Relaxing standards
After 10 minutes with List, I’m convinced that my messy basement is holding me back. But there’s a nagging voice in my head. Isn’t clearing my house to improve my self-esteem like dieting my way to happiness? Not unlike being pressured to achieve physical perfection, women are bombarded by messages to get organized, precisely at the stage of life when they’ve made peace with their bodies. Decluttering is a multi-billion dollar industry, marketed primarily to women — and driven by shame. “You hear it from your boss and your colleagues,” says Freedman, “and you can’t turn off the TV without hearing it from Oprah: ‘If you aren’t straightening yourself out all the time, what kind of failure are you?’”

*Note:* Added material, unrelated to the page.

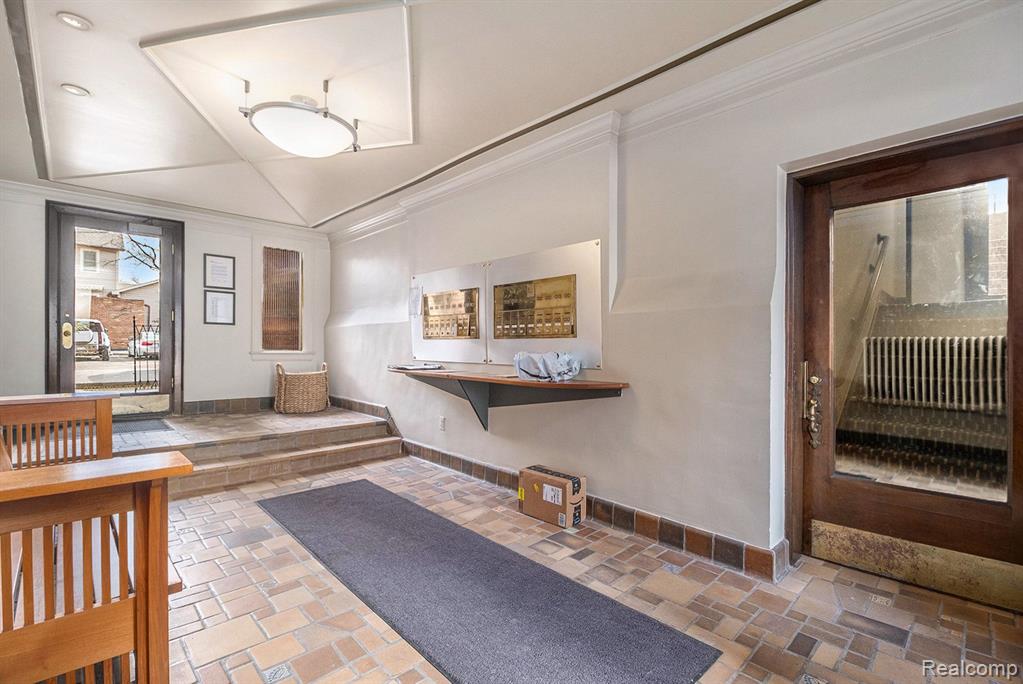 327 Southfield Road, Unit 18 Birmingham, MI 48009 - Photo 4 of 29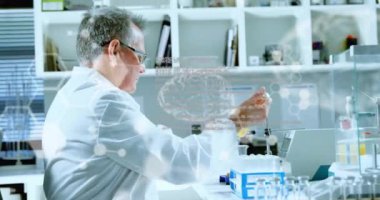 Kimyasal formülün animasyonu ve deneyler yapan beyaz erkek bilim adamı üzerinde veri işleme. Küresel bilim ve dijital arayüz kavramı dijital olarak oluşturulmuş video.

Until we finally shacked up, my man and I had functioned — separately — as joyfully cluttered individuals, holed up at our desks with our respective teetering piles, and blithely indifferent to the chaos, interrupting our work with random short bursts of housekeeping. I cooked full meals only on alternate weeks when my daughter was with me. Life was chaotic — but also full and productive.
Now we were merging households, forging a new domestic entity with my daughter who, on the cusp of 13, was a vigorous jumble of lip balm, books and hair accessories. We would have to be organized. We would have to be tidy. I bought Cheryl Mendelson’s book Home Comforts: The Art & Science of Keeping House and made detailed lists of chores: daily, weekly and monthly. I mopped, I took up ironing, I nagged — and fell into bed exhausted. My daughter was confused by the new regime after years of good-natured, laissez-faire homemaking. My partner was irritated. In retrospect, I made us miserable.

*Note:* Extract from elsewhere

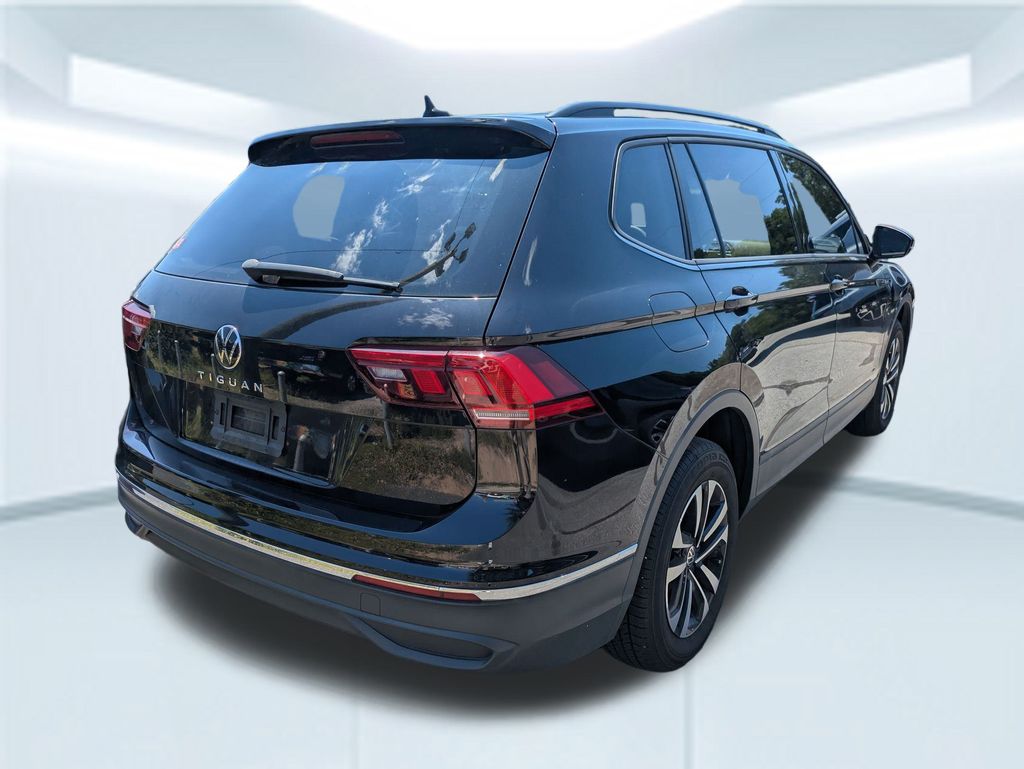 2022 Volkswagen Tiguan S photo 3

What a tidy life looks like
I wondered what life might be like if being tidy was second nature. So I asked Jo-Anna Ash, a 50-year-old Edmontonian with a warm laugh and a daily routine that verges on compulsive: She won’t leave a dish dirty, vacuums daily, and matches the Kleenex box to the bedding. When they were in elementary school, her kids had colour-coded file trays by the kitchen door. Highly organized since she was a child, it’s only in the past five years that she has, as Ash puts it, become “obsessed with decluttering.” While her teenage sons joke that the house looks as though no one lives there, Ash says she feels pressure to constantly get rid of things. “I’d feel bombarded if I didn’t keep up with it. When I go to someone’s house with stuff in it, I feel claustrophobic.”
Hellen Buttigieg, also the mother of two teenagers, is a 45-year-old professional organizer and life coach in Oakville, Ont., and host of the HGTV show Neat. I ask if it’s possible to be too organized. “Yeah, it’s called OCD,” she laughs, adding no one comes to her saying they’re too organized. But then she’s suddenly serious. “What you’re talking about is perfectionism, which is something I struggled with for years. There is a point of diminishing returns.” Buttigieg happily admits her house is far from magazine-perfect. “I’m always up front about that. Once you have kids, you relax a little.”